■ Work to be completed
What the response needs is every record, repeated verbatim, and no images.

■ Source material
=== Begin Enclosure ===

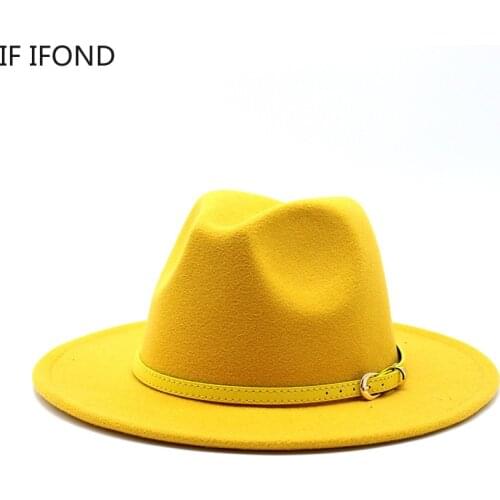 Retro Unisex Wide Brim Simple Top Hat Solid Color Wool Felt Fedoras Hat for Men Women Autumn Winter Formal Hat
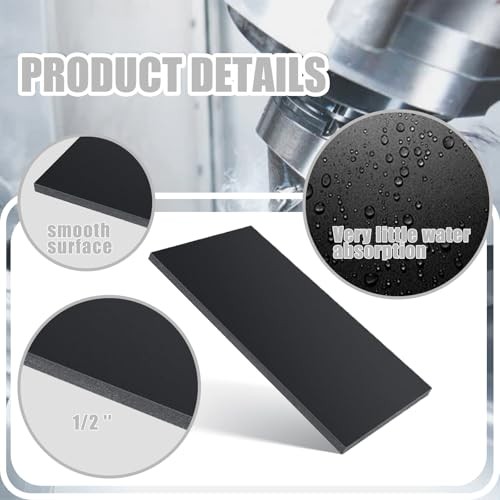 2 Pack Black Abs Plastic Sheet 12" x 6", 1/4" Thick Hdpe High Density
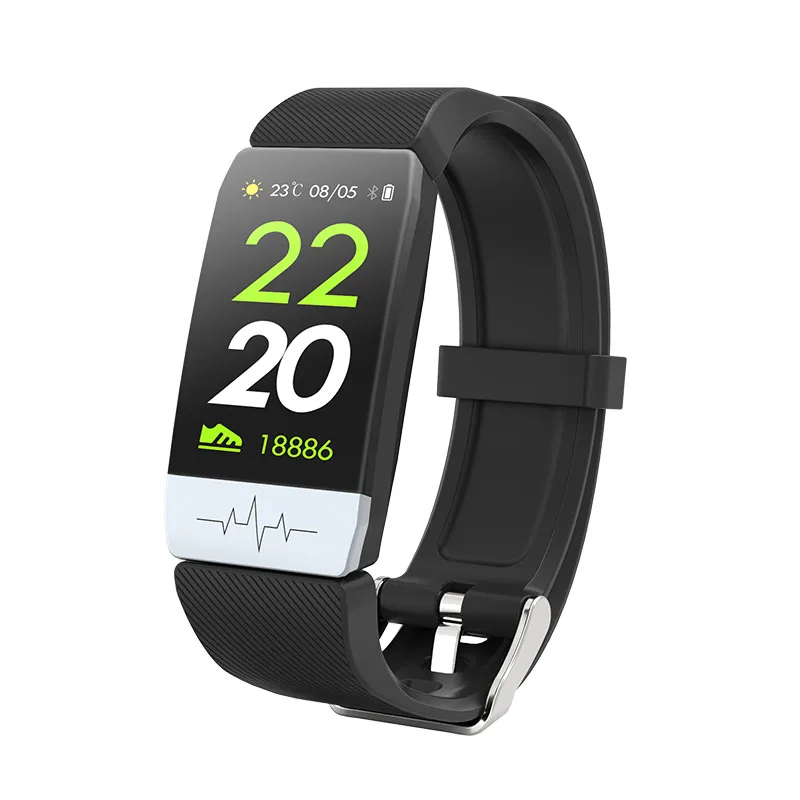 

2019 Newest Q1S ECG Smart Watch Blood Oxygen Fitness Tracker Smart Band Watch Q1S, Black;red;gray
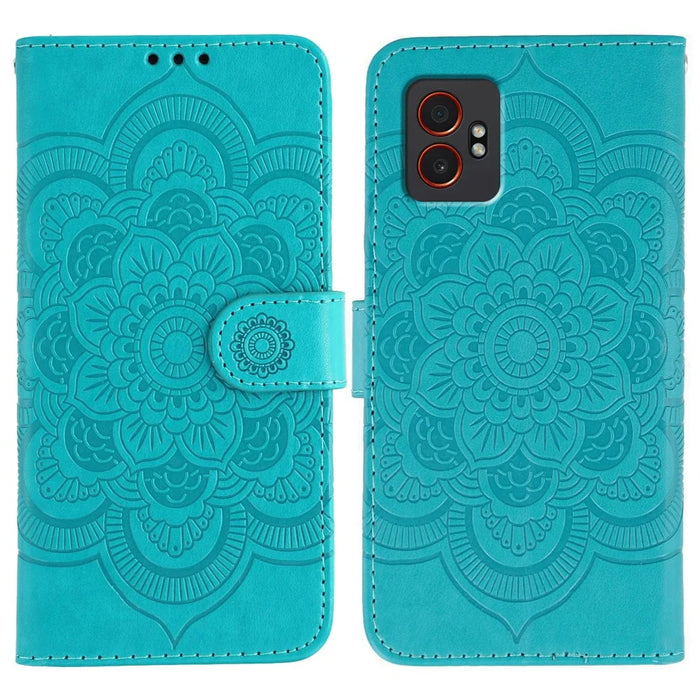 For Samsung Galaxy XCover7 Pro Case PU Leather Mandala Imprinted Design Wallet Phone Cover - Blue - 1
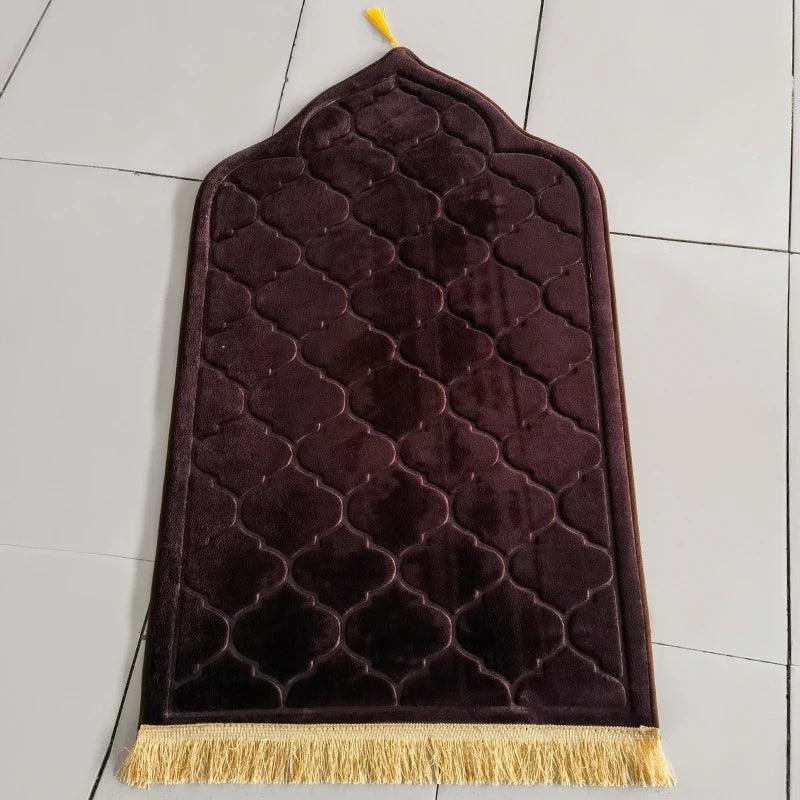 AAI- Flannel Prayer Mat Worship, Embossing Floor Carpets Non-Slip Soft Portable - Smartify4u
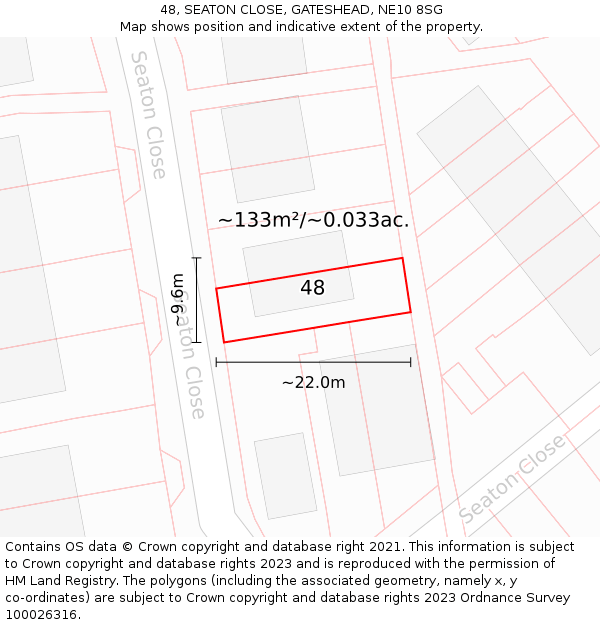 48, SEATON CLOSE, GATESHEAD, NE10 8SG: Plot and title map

=== End Enclosure ===

■ Answer section
 Retro Unisex Wide Brim Simple Top Hat Solid Color Wool Felt Fedoras Hat for Men Women Autumn Winter Formal Hat
 2 Pack Black Abs Plastic Sheet 12" x 6", 1/4" Thick Hdpe High Density

2019 Newest Q1S ECG Smart Watch Blood Oxygen Fitness Tracker Smart Band Watch Q1S, Black;red;gray
 For Samsung Galaxy XCover7 Pro Case PU Leather Mandala Imprinted Design Wallet Phone Cover - Blue - 1
 AAI- Flannel Prayer Mat Worship, Embossing Floor Carpets Non-Slip Soft Portable - Smartify4u
 48, SEATON CLOSE, GATESHEAD, NE10 8SG: Plot and title map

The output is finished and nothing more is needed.